> _Material provided_:
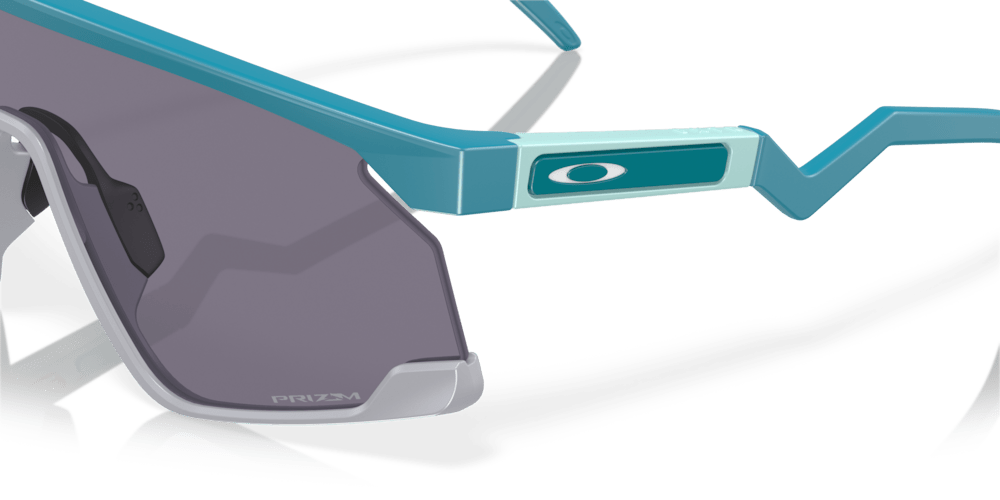 Oakley BXTR with Grey Lens - Cycling Gears Hub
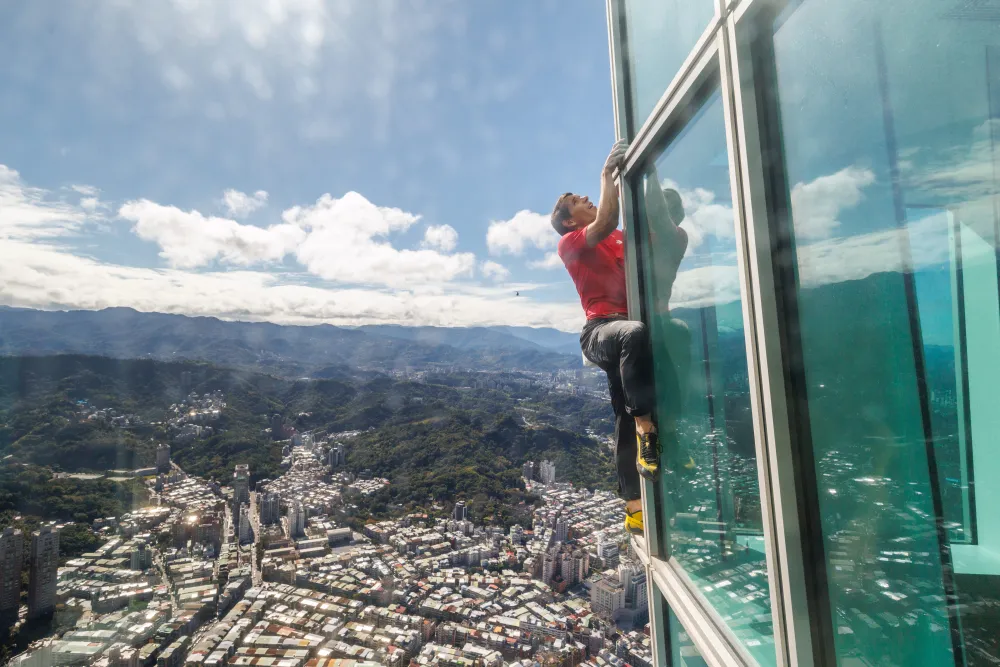 How Much Did Alex Honnold Make from Netflix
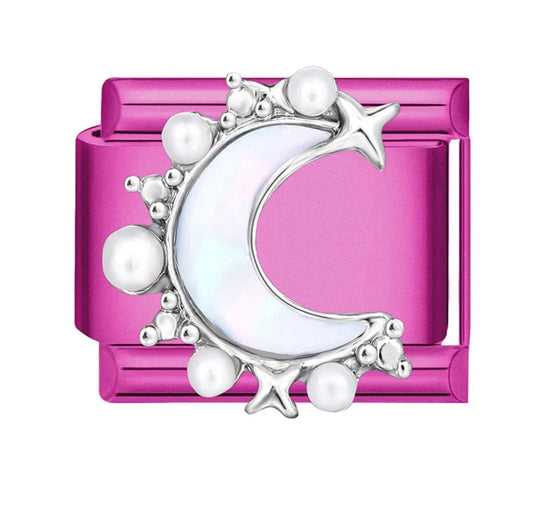 Module Mauve à Lune nacré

> _Task statement_:
Down to the last line, print the material exactly, but not its pictures.

> _Response_:
 Oakley BXTR with Grey Lens - Cycling Gears Hub
 How Much Did Alex Honnold Make from Netflix
 Module Mauve à Lune nacré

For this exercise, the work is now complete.